(Beginning of Input for this task)
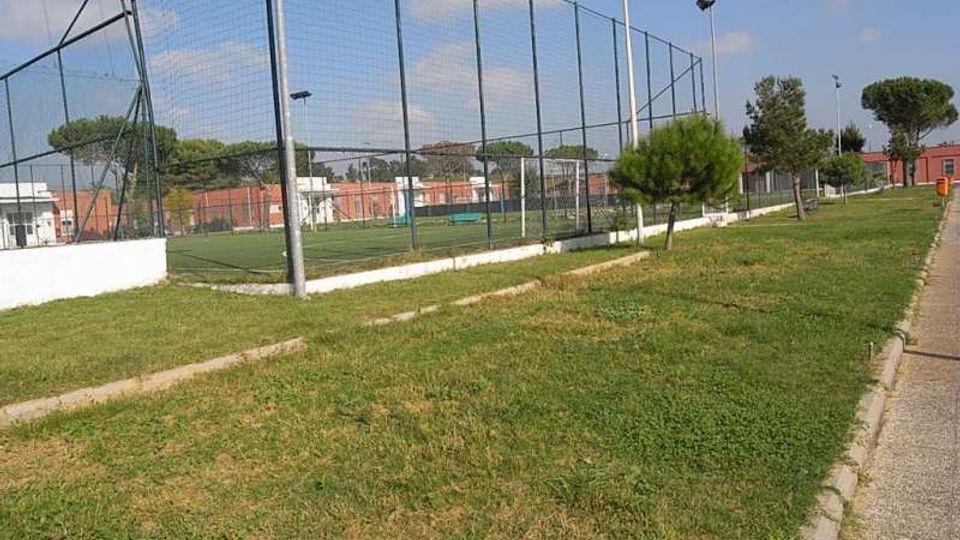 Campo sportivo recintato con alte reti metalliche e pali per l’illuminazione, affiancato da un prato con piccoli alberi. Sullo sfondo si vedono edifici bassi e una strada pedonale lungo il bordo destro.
(End of Input for this task)
(Beginning of Input for this task)
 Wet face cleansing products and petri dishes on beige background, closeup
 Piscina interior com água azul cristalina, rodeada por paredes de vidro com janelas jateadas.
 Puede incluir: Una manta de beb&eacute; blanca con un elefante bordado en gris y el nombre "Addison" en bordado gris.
(End of Input for this task)
> _About this exercise_
Return exactly the lines above from the line that has "Wet face cleansing" through the line that has "Puede incluir: Una", inclusive, and nothing else.

> _Written solution_
 Wet face cleansing products and petri dishes on beige background, closeup
 Piscina interior com água azul cristalina, rodeada por paredes de vidro com janelas jateadas.
 Puede incluir: Una manta de beb&eacute; blanca con un elefante bordado en gris y el nombre "Addison" en bordado gris.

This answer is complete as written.